17. prepare the method for inositol, may further comprise the steps:

(1) in substratum, cultivates a kind of can belonging to the candiyeast Pseudomonas and the glucose metabolism antagonist be had the microorganism of resistance accumulate inositol to the cell exocrine inositol with extracellular in substratum; With can be randomly

(2) from culture, obtain inositol.

18. according to the method for claim 17, the microorganism that wherein belongs to the candiyeast Pseudomonas is a Candida boidinii.

19. according to the method for claim 18, wherein Candida boidinii is Candida boidinii DGR1-14.

20. according to the method for claim 17, wherein the glucose metabolism antagonist is 2-deoxyglucose, 1-thioglucose or 5-thioglucose.

21. prepare the method for inositol, may further comprise the steps:

(1) in substratum, cultivate a kind of can be to the cell exocrine inositol, the microorganism that belongs to the candiyeast Pseudomonas and the glucose metabolism antagonist is had a resistance is to obtain to contain the culturing cell of inositol biosynthesizing institute indispensable enzyme;

(2) in reaction culture medium with enzyme with the biosynthetic precursor incubation of inositol so that precursor is transformed into inositol, finally in reaction culture medium, accumulate inositol; With can be randomly

(3) from reaction culture medium, obtain inositol.

22. according to the method for claim 21, the microorganism that wherein belongs to the candiyeast Pseudomonas is a Candida boidinii.

23. according to the method for claim 22, wherein Candida boidinii is Candida boidinii DGR1-14.

24. according to the method for claim 21, wherein precursor is glucose-6-phosphoric acid or glucose.

25. according to the method for claim 21, wherein the glucose metabolism antagonist is 2-deoxyglucose, 1-thioglucose or 5-thioglucose.

26. an energy belongs to the microorganism of candiyeast Pseudomonas to the cell exocrine inositol.

27. the microorganism according to claim 26, wherein candiyeast is a Candida boidinii.

28. the microorganism according to claim 27, wherein Candida boidinii is Candida boidinii IP-2 (FERM BP).

29. a microorganism can be to the cell exocrine inositol, belongs to the candiyeast Pseudomonas and to certain antibiotic resistance that have.

30. the microorganism according to claim 29, wherein the candiyeast Pseudomonas is the Candida boidinii that cerulenin is had resistance.

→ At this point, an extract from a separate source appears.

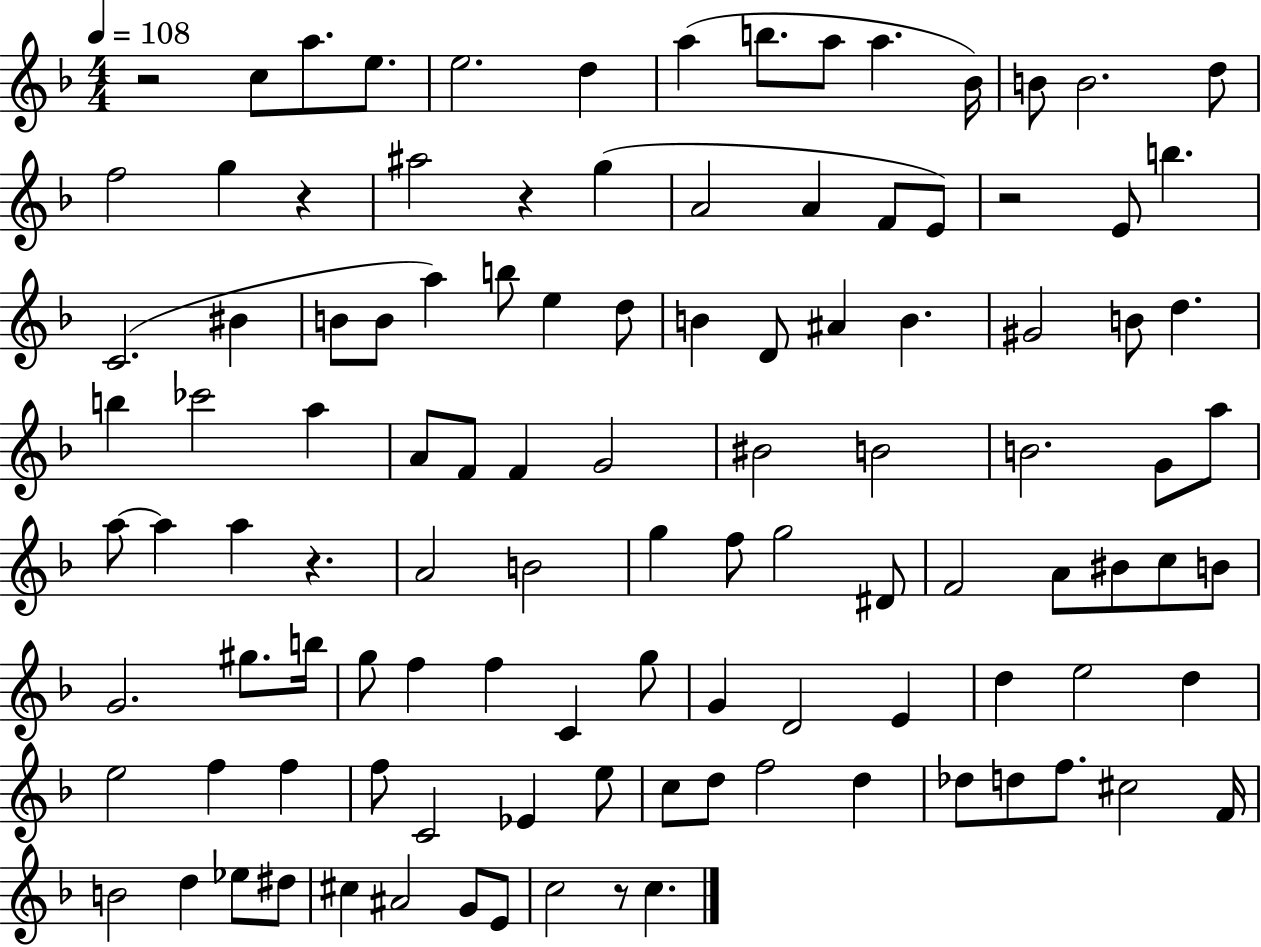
R/h C5/e A5/e. E5/e. E5/h. D5/q A5/q B5/e. A5/e A5/q. Bb4/s B4/e B4/h. D5/e F5/h G5/q R/q A#5/h R/q G5/q A4/h A4/q F4/e E4/e R/h E4/e B5/q. C4/h. BIS4/q B4/e B4/e A5/q B5/e E5/q D5/e B4/q D4/e A#4/q B4/q. G#4/h B4/e D5/q. B5/q CES6/h A5/q A4/e F4/e F4/q G4/h BIS4/h B4/h B4/h. G4/e A5/e A5/e A5/q A5/q R/q. A4/h B4/h G5/q F5/e G5/h D#4/e F4/h A4/e BIS4/e C5/e B4/e G4/h. G#5/e. B5/s G5/e F5/q F5/q C4/q G5/e G4/q D4/h E4/q D5/q E5/h D5/q E5/h F5/q F5/q F5/e C4/h Eb4/q E5/e C5/e D5/e F5/h D5/q Db5/e D5/e F5/e. C#5/h F4/s B4/h D5/q Eb5/e D#5/e C#5/q A#4/h G4/e E4/e C5/h R/e C5/q.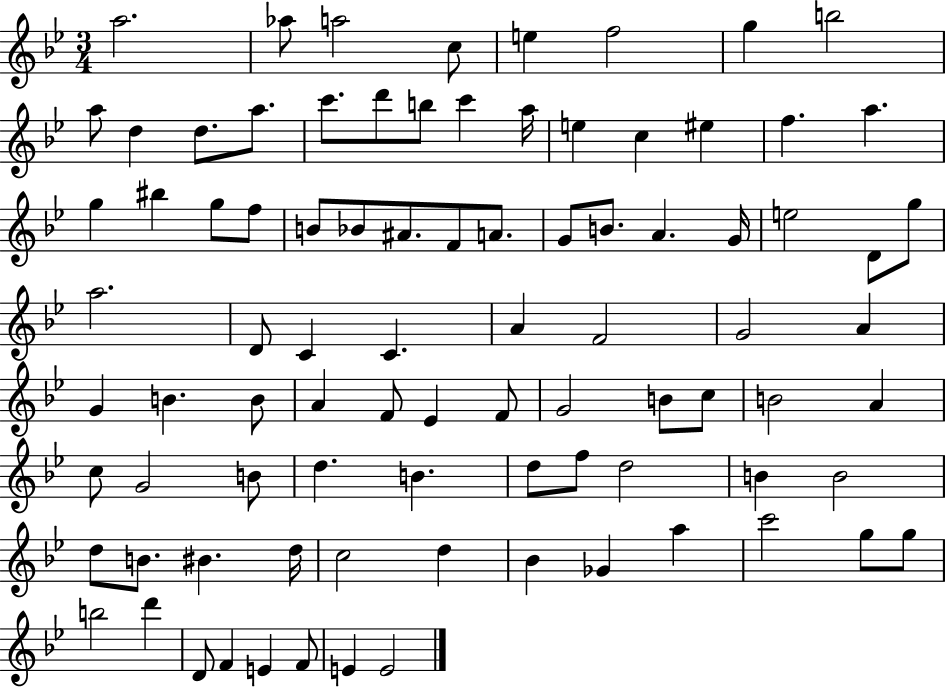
A5/h. Ab5/e A5/h C5/e E5/q F5/h G5/q B5/h A5/e D5/q D5/e. A5/e. C6/e. D6/e B5/e C6/q A5/s E5/q C5/q EIS5/q F5/q. A5/q. G5/q BIS5/q G5/e F5/e B4/e Bb4/e A#4/e. F4/e A4/e. G4/e B4/e. A4/q. G4/s E5/h D4/e G5/e A5/h. D4/e C4/q C4/q. A4/q F4/h G4/h A4/q G4/q B4/q. B4/e A4/q F4/e Eb4/q F4/e G4/h B4/e C5/e B4/h A4/q C5/e G4/h B4/e D5/q. B4/q. D5/e F5/e D5/h B4/q B4/h D5/e B4/e. BIS4/q. D5/s C5/h D5/q Bb4/q Gb4/q A5/q C6/h G5/e G5/e B5/h D6/q D4/e F4/q E4/q F4/e E4/q E4/h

31. the microorganism according to claim 30, wherein cerulenin being had the Candida boidinii of resistance is Candida boidinii CER176 (FERM BP5069).

32. the microorganism according to claim 29, wherein the candiyeast Pseudomonas is the Candida boidinii that D-seromycin is had resistance.

33. the microorganism according to claim 32, wherein D-seromycin being had the Candida boidinii of resistance is Candida boidinii DCSR 0.2-59 (FERM BP5071) or DCSR0.3-11 (FERM BP5072).

34. a microorganism can belong to the candiyeast Pseudomonas and the glucose metabolism antagonist is had resistance to the cell exocrine inositol.

35. the microorganism according to claim 32, wherein candiyeast is the Candida boidinii that 2-deoxyglucose is had resistance.

36. the microorganism according to claim 33, wherein Candida boidinii is Candida boidinii DGR1-14 (FERM BP5070).